The advantage of removing 'substrate binding terms' would be to:
- enable GO curators to concentrate on annotations which are unique to GO rather than those which are covered by other databases.
- reduce the inconstancies that exist between different databases and different annotation procedures.
Comment from Peter
... so annotations like these should not be allowed? Both the computational ones and the manual one?
I don't really think they should be allowed, although they are not terrible. The manual one is like a "this is all we know" from an x-ray structure of an unknown protein. A more useful annotation (not using allowed terms is) "We still don't know, but it binds pyridoxal phosphate". This is an example of curators trying to be helpful in giving information on a single gene, but perhaps not thinking about the big picture.
The automated ones I could take or leave. I don't think they contribute anything to our understanding of biology (although in the sense of "biochemistry" they do), I do think the information can be valid and useful - but it's available from interpro.
The bottom line is - are we just trying to describe "all interesting properties of gene products" or are we trying to present a coherent understanding of biology.
Comments from Jim
I'm vacillating on the central question... see the article history if you want to see me flip-flop!
- Focusing on the question at hand: Should GO capture catalytic binding?. I am sympathetic to Ben's reasons for why we should not.
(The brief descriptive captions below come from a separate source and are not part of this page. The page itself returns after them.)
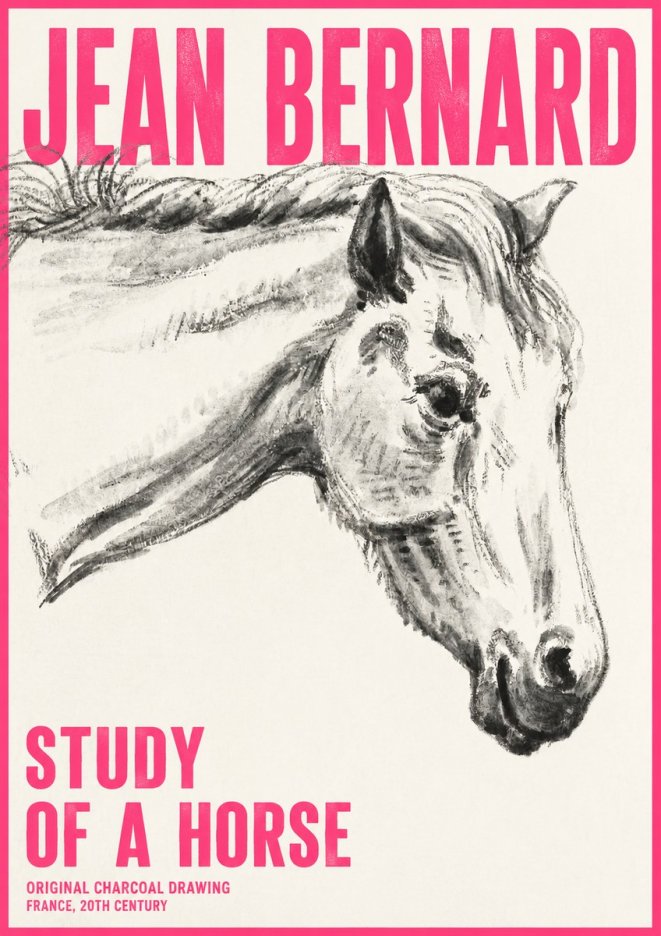Jean Bernard Study of a Horse VIII No6 - Juliste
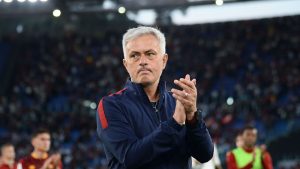 Home 5 Roma manager Jose Mourinho applauds the club supporters after a match recently.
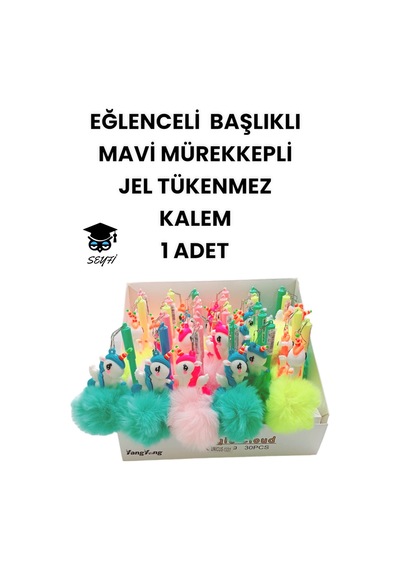 Eğlenceli Başlıklı İnce Uçlu Jel Tükenmez Kalem Mavi Mürekkep 2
But my position before this edit was that because curators will do it anyway as long as there are "x binding" terms in the ontology, we should maintain the recommendation against capturing substrate binding but not expend much energy enforcing that policy. Debby points out to me that this is a cop-out similar to "Don't ask, don't tell", so I'm rethinking my position.
- My primary interest remains proliferation, not substrates. Chris disagrees with my concerns about "x binding/transport/carrier/whatever" terms, but he has not convinced me that we should precompose whenever anyone wants a GO term. In my mind, the binding discussion is analogous to the statement in Annotation_Cross_Products#Regulation_of_expression_and_specific_gene_products:
The GO will never pre-coordinate terms such as:
- regulation of oskar mRNA translation
- regulation of oskar mRNA transcription
- vs. these 6 terms. But that is a discussion for another day.